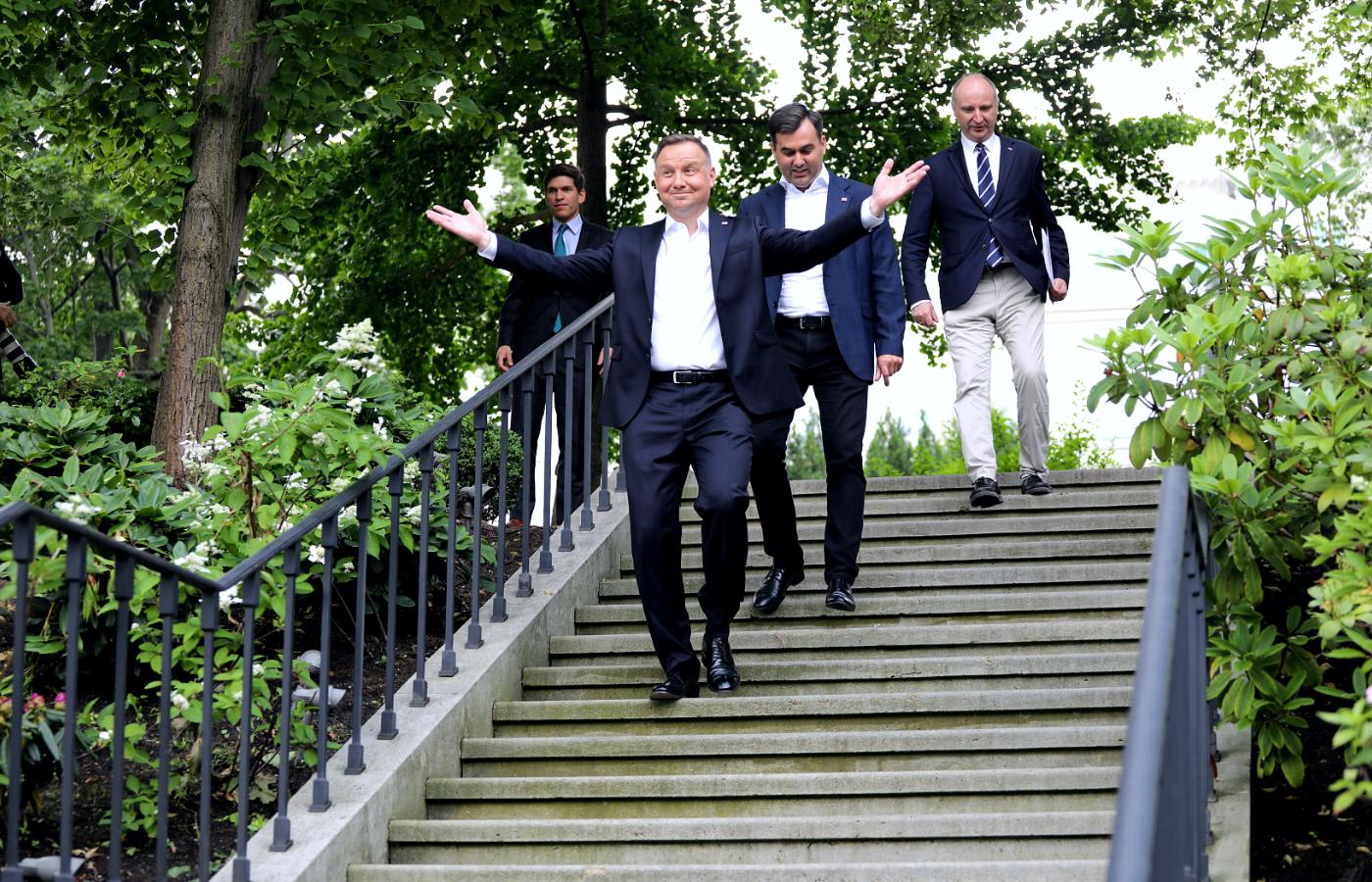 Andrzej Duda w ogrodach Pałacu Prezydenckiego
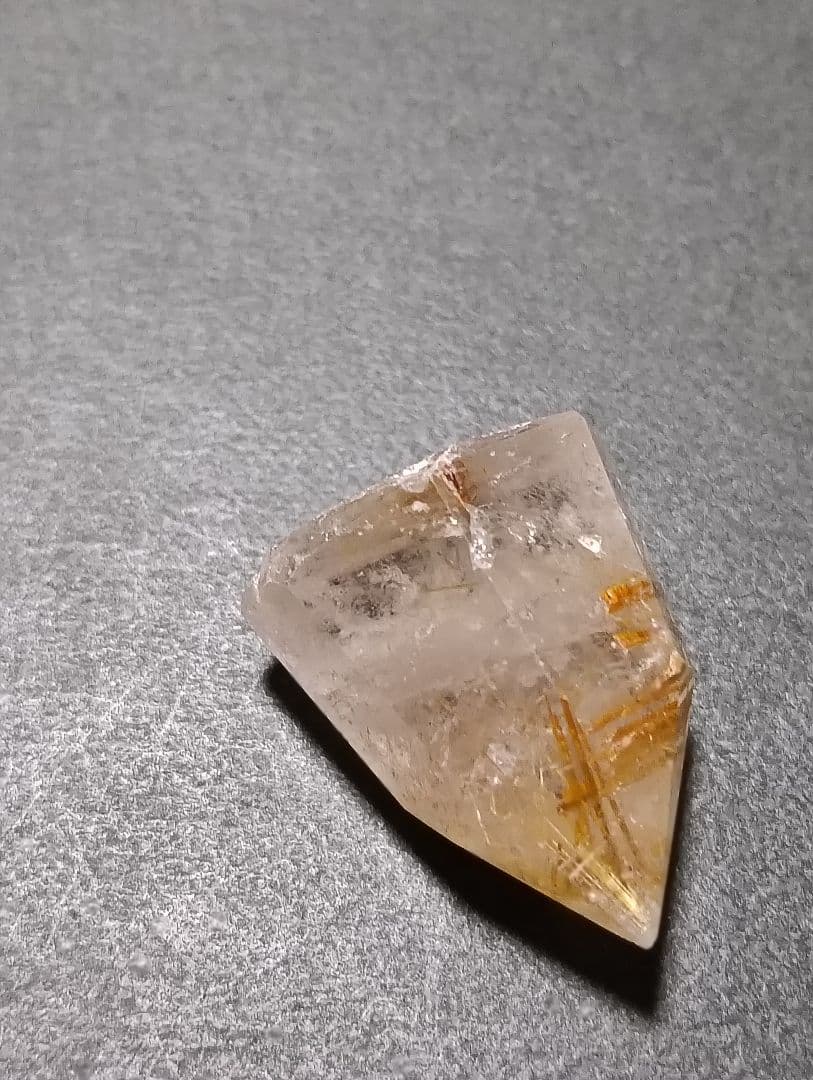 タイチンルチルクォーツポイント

#####

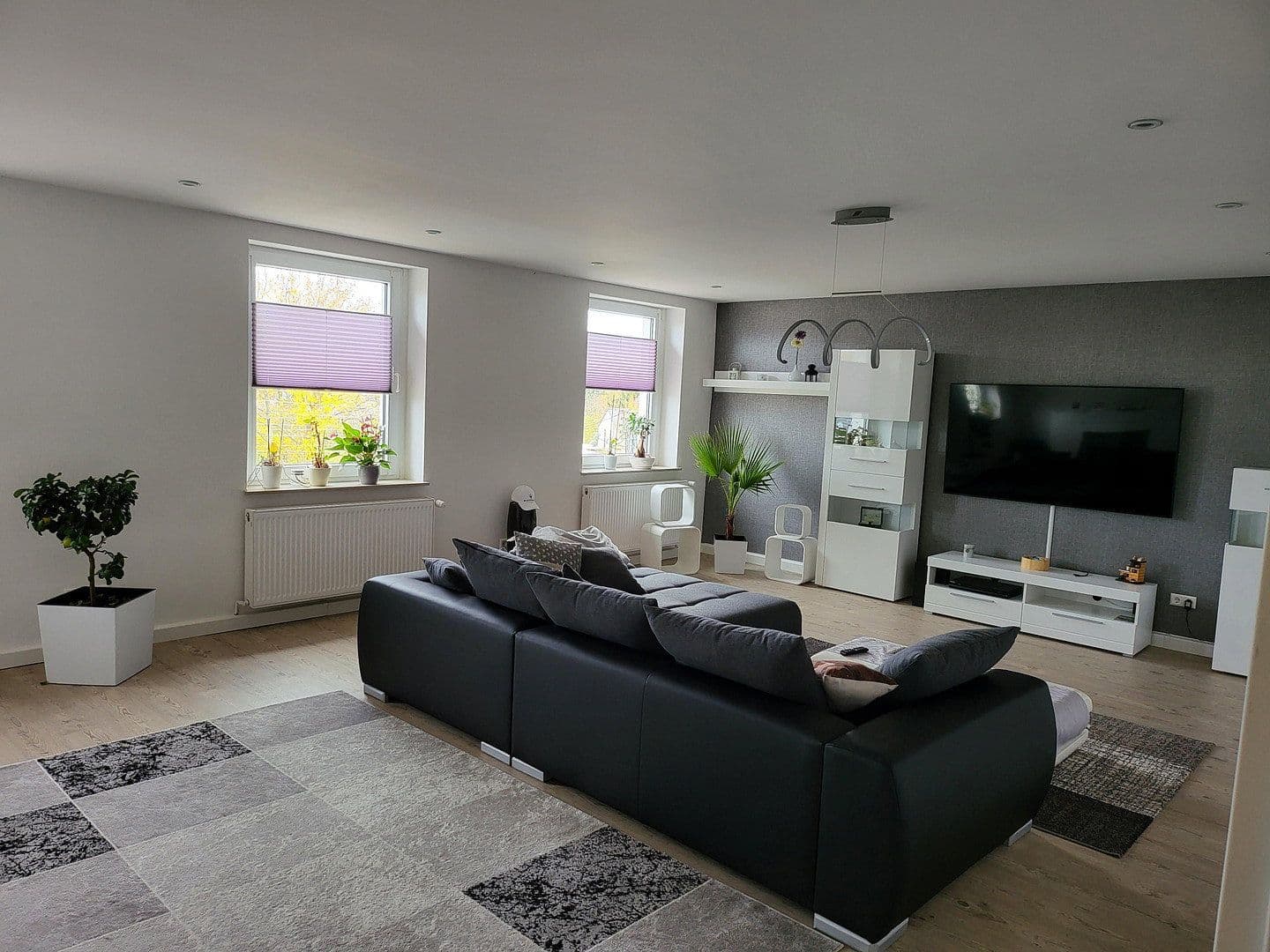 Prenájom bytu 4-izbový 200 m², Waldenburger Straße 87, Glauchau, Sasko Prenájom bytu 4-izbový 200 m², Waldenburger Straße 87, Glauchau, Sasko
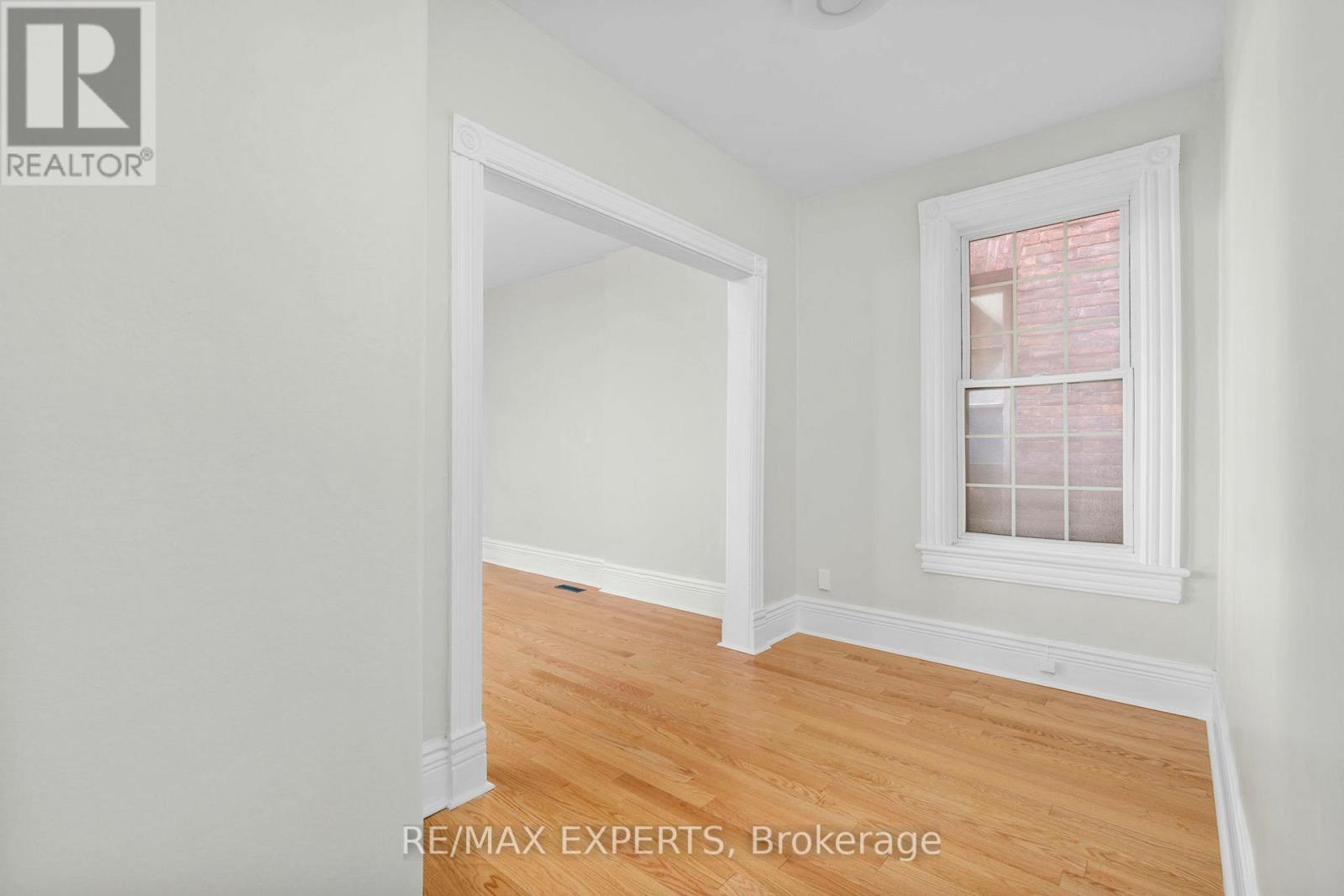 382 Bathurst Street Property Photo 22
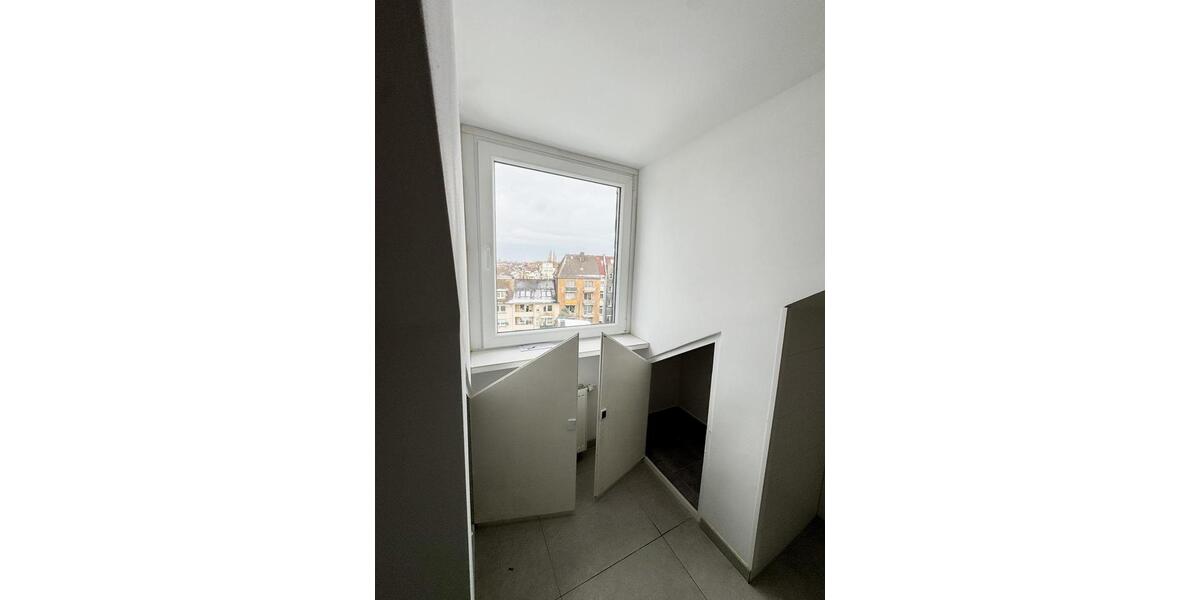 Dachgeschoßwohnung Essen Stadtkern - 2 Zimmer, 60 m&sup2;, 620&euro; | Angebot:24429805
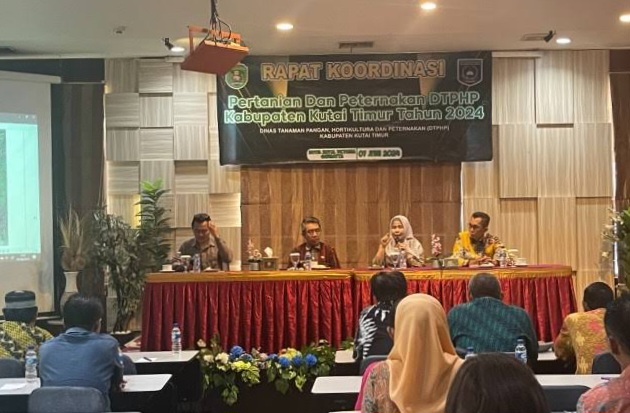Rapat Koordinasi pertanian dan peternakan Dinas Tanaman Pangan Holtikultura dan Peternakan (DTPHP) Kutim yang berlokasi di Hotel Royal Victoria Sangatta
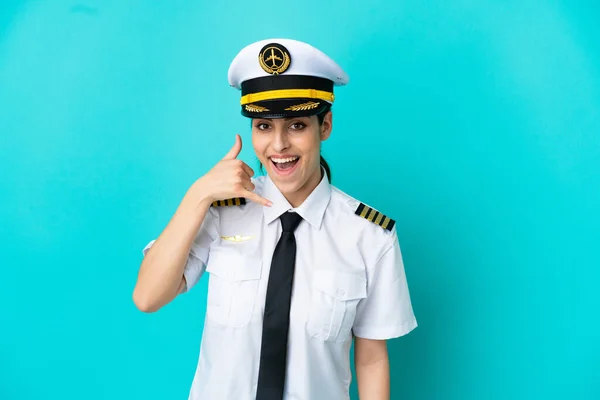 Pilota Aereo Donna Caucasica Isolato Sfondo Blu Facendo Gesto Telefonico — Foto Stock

#####

# EXERCISE DETAILS
From the records above, transcribe only the stretch from the line with "Andrzej Duda w" through the line with "タイチンルチルクォーツポイント", keeping both ends. Omit pictures.

# ANSWER
 Andrzej Duda w ogrodach Pałacu Prezydenckiego
 タイチンルチルクォーツポイント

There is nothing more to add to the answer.